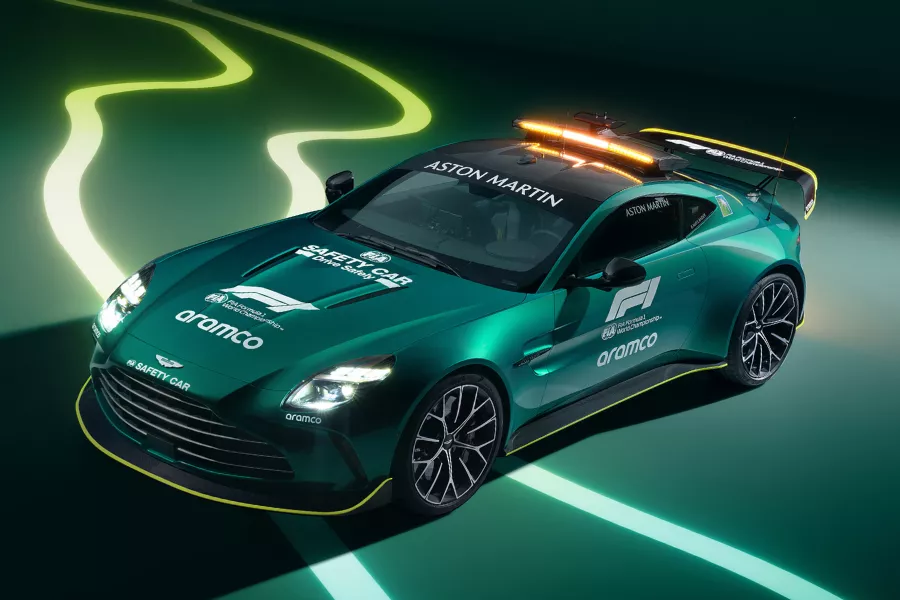 Aston Martin Vantage Formula 1 Safety Car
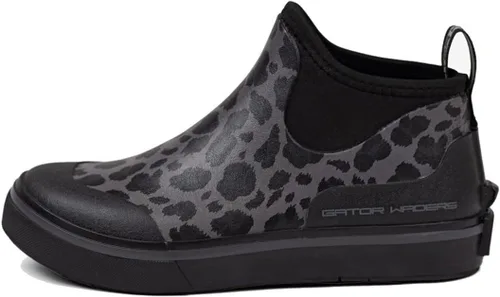 Vista 24 de Gator Waders Botas de Campamento de Malla de Aire para Mujeres - Botas de Tobillo Duraderas Transpirables Antideslizantes Impermeables para Acampar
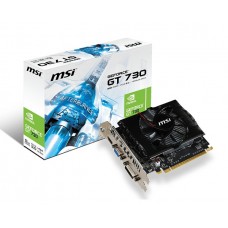 MSI VGA N730 2GD3V2 GT730 2GB DDR3 128B DX12 PCIE 3.0 X16 (1XVGA 1XDVI 1XHDMI)
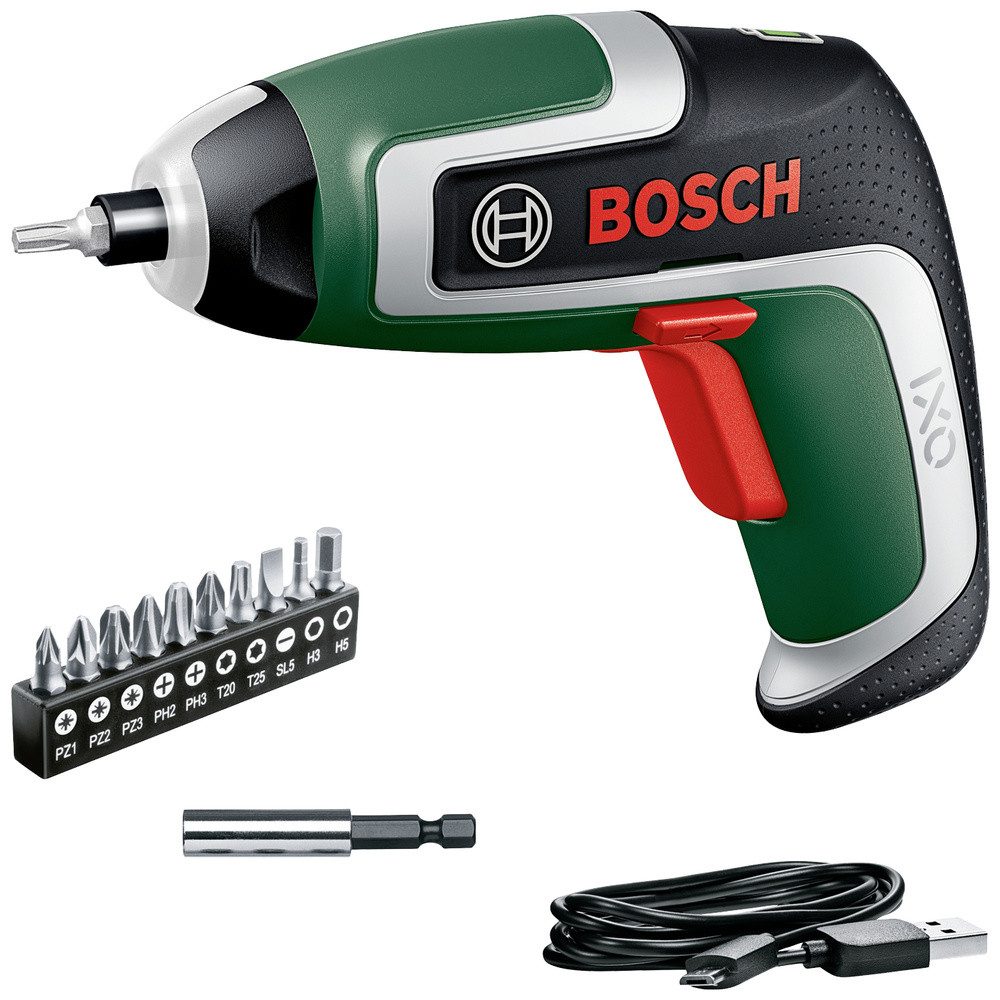Bosch Home & Garden Akku-Ratschenschrauber Bosch Home and Garden IXO 7 basic 06039E0000 Akku-Schrauber 3.6 V 2.0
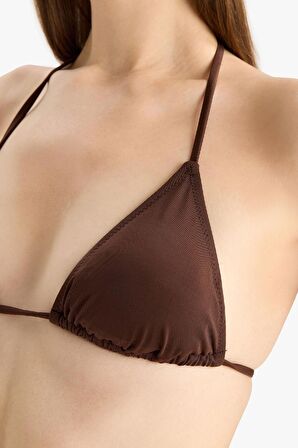 DeFacto Regular Fit Üçgen Bikini Üstü-Fall in Love T3666AZ25SMBN341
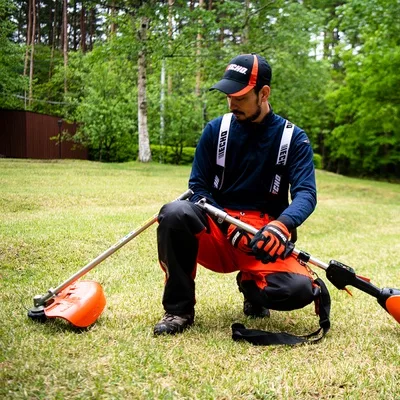 Pack multiusos ECHO DPAS-2600 PRO 56 V: desbrozadora, cortasetos y podadora + 2 baterías y cargador — foto 8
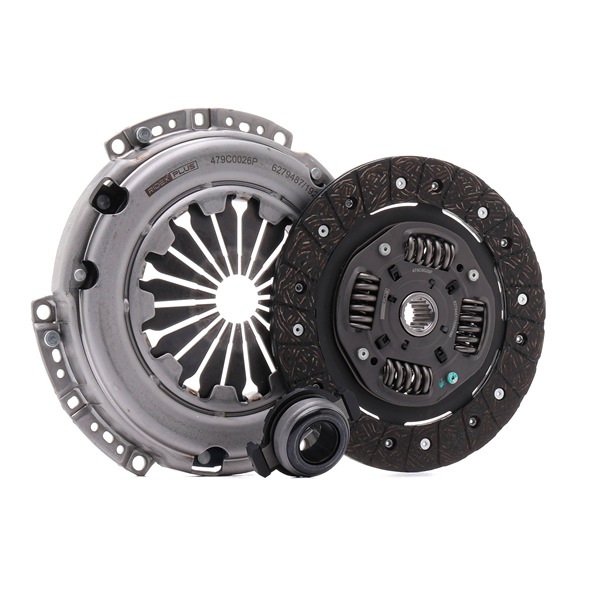 OEM 2055AT RIDEX PLUS  Kupplungssatz 479C0026P für VW, OPEL, PEUGEOT, CITROЁN, LAND ROVER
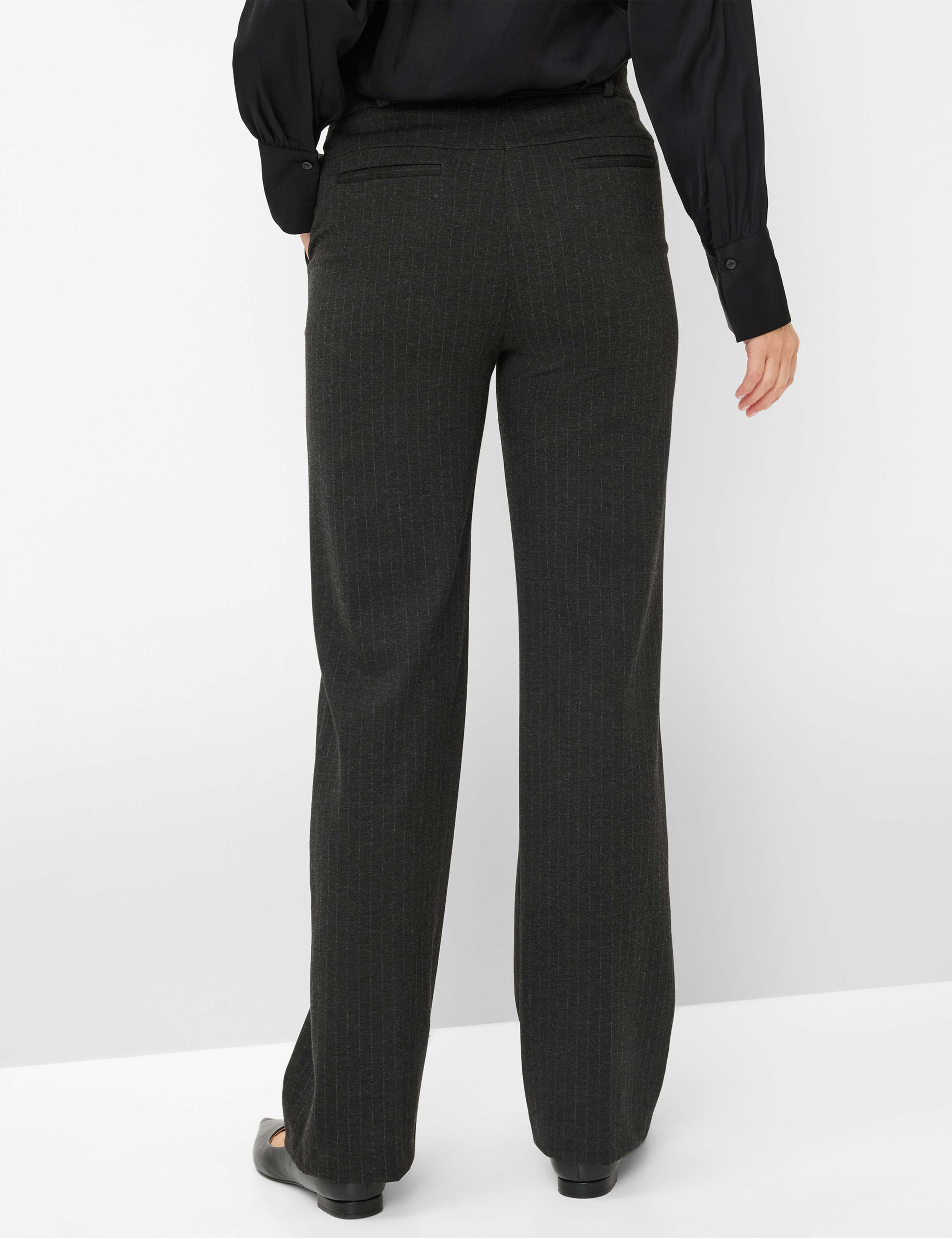 Tons gris, Femme, Style LILLYTH FLARED, MODEL_RUECK_ISHOP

__TASK TO COMPLETE__
If pictures are present, they are dropped, and the entries above are written out word for word.

__OUTPUT OF THE TASK__
 Aston Martin Vantage Formula 1 Safety Car
 Vista 24 de Gator Waders Botas de Campamento de Malla de Aire para Mujeres - Botas de Tobillo Duraderas Transpirables Antideslizantes Impermeables para Acampar
 MSI VGA N730 2GD3V2 GT730 2GB DDR3 128B DX12 PCIE 3.0 X16 (1XVGA 1XDVI 1XHDMI)
Bosch Home & Garden Akku-Ratschenschrauber Bosch Home and Garden IXO 7 basic 06039E0000 Akku-Schrauber 3.6 V 2.0
 DeFacto Regular Fit Üçgen Bikini Üstü-Fall in Love T3666AZ25SMBN341
 Pack multiusos ECHO DPAS-2600 PRO 56 V: desbrozadora, cortasetos y podadora + 2 baterías y cargador — foto 8
 OEM 2055AT RIDEX PLUS  Kupplungssatz 479C0026P für VW, OPEL, PEUGEOT, CITROЁN, LAND ROVER
 Tons gris, Femme, Style LILLYTH FLARED, MODEL_RUECK_ISHOP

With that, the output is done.